▶ _HOW TO COMPLETE THIS TASK_
Look below for the line containing "Aluminum Frame Metal"; from there through the line containing "Stone Los Angeles", both lines included, please set down each line exactly and nothing else.

Brief descriptive captions:
* * * *

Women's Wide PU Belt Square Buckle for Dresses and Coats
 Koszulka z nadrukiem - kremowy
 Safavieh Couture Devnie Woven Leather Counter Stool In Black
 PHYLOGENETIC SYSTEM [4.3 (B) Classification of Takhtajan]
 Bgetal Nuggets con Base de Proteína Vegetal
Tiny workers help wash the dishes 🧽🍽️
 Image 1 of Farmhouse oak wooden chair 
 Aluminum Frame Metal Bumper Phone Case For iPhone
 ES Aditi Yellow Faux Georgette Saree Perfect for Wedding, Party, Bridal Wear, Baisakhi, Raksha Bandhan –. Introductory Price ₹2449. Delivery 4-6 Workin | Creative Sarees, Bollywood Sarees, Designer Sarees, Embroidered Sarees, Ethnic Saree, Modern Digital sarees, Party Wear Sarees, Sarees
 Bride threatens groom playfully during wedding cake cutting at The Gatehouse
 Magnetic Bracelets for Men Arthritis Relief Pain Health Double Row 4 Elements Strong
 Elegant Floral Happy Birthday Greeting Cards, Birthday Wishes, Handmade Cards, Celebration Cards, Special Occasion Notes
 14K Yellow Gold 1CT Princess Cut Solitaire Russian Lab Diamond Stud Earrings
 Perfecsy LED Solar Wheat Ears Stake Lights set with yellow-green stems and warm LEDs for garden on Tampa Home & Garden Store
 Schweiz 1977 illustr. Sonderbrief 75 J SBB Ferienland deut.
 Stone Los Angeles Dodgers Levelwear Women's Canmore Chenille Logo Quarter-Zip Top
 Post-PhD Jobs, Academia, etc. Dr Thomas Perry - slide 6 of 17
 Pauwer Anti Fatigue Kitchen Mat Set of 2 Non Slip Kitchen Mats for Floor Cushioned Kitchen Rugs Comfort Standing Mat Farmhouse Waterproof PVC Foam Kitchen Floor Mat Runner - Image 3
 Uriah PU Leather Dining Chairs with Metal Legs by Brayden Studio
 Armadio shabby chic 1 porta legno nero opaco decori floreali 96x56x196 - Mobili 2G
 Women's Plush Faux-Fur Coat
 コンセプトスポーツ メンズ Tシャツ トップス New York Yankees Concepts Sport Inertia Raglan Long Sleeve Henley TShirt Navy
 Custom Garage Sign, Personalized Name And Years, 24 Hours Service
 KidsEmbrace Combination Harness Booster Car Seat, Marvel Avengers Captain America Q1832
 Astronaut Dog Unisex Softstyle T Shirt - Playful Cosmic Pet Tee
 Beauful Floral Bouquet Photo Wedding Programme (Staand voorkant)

* * * *

▶ _RESPONSE_
 Aluminum Frame Metal Bumper Phone Case For iPhone
 ES Aditi Yellow Faux Georgette Saree Perfect for Wedding, Party, Bridal Wear, Baisakhi, Raksha Bandhan –. Introductory Price ₹2449. Delivery 4-6 Workin | Creative Sarees, Bollywood Sarees, Designer Sarees, Embroidered Sarees, Ethnic Saree, Modern Digital sarees, Party Wear Sarees, Sarees
 Bride threatens groom playfully during wedding cake cutting at The Gatehouse
 Magnetic Bracelets for Men Arthritis Relief Pain Health Double Row 4 Elements Strong
 Elegant Floral Happy Birthday Greeting Cards, Birthday Wishes, Handmade Cards, Celebration Cards, Special Occasion Notes
 14K Yellow Gold 1CT Princess Cut Solitaire Russian Lab Diamond Stud Earrings
 Perfecsy LED Solar Wheat Ears Stake Lights set with yellow-green stems and warm LEDs for garden on Tampa Home & Garden Store
 Schweiz 1977 illustr. Sonderbrief 75 J SBB Ferienland deut.
 Stone Los Angeles Dodgers Levelwear Women's Canmore Chenille Logo Quarter-Zip Top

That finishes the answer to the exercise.